16 of 402 comments (clear)

  1. Re:This story could make a liberal's head explode by Izago909 · · Score: 5, Insightful
    They want to hate Republicans for possible taking advantage of flaws in evoting,
    Who? Where? Please provide examples of a credible (ie. non-conspiracy theorist) source suggesting that Republicans might abuse a security hole.
    and they also want to hate Fox News....
    I'll give you the Fox News thing, but since your previous argument is now void, the novelty has worn off of this argument too. Anyway, "Hate corporate run news media" would have been a much more accurate term.
    WHAT DOES IT MEAN!?
    It means that your trolling was unsuccessful today. Please move along.
  2. I love this quote... by cmowire · · Score: 4, Insightful

    "Dacek said Wednesday that she fears that critics of the new voting system may try to physically sabotage the machines."

    Wow. That's so..... scaremongering.....

  3. Spin Spin Spin by miu · · Score: 5, Insightful
    From the article:
    "Quite honestly it's somewhat insulting to elections officials and volunteers," he said to the idea that elections officers would tamper with vote results.
    -Some Diebold talking head.

    Sure we trust the election officials, but do we trust every contractor or tech who might work on those systems? Especially as Diebold seems so lax in checking backgrounds that people with convictions for fraud, blackmail, and embezzlement have access to their code. I'd bet that their contractors are even less subject to appropriate background checks.

    --

    [Set Cain on fire and steal his lute.]
  4. Re:Fair and balanced?? by stockmaster · · Score: 5, Insightful
    I agree that there is an apparent bias in the politics of the stories submitted by CmdrTaco, though I feel any individual contributor to Slashdot is certainly entitled to have a bias.
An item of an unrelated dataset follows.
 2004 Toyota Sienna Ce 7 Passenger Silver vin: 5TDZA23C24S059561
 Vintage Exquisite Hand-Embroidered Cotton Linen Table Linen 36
That's the great thing about the availability of feedback; we can all express our opinions.

    However, most of the rejected stories you listed have nothing to do with technology; they merely describe political news or events. I think the bias Slashdot has toward "news for nerds" is appropriate; we can get our pure political news from other sources.

    When I'm reading slashdot, I'm looking for info about tech trends and social impacts therefrom, nothing more.

  5. Re:This story could make a liberal's head explode by Izago909 · · Score: 4, Insightful

    Although very questionable, and highly inflamitory, the above quote would provide better evidence of a corporate conspiracy (much more likely) than a conspiracy by the Republican party.

  6. Insulting to officials? by frdmfghtr · · Score: 4, Insightful

    "Quite honestly it's somewhat insulting to elections officials and volunteers," he said to the idea that elections officers would tamper with vote results.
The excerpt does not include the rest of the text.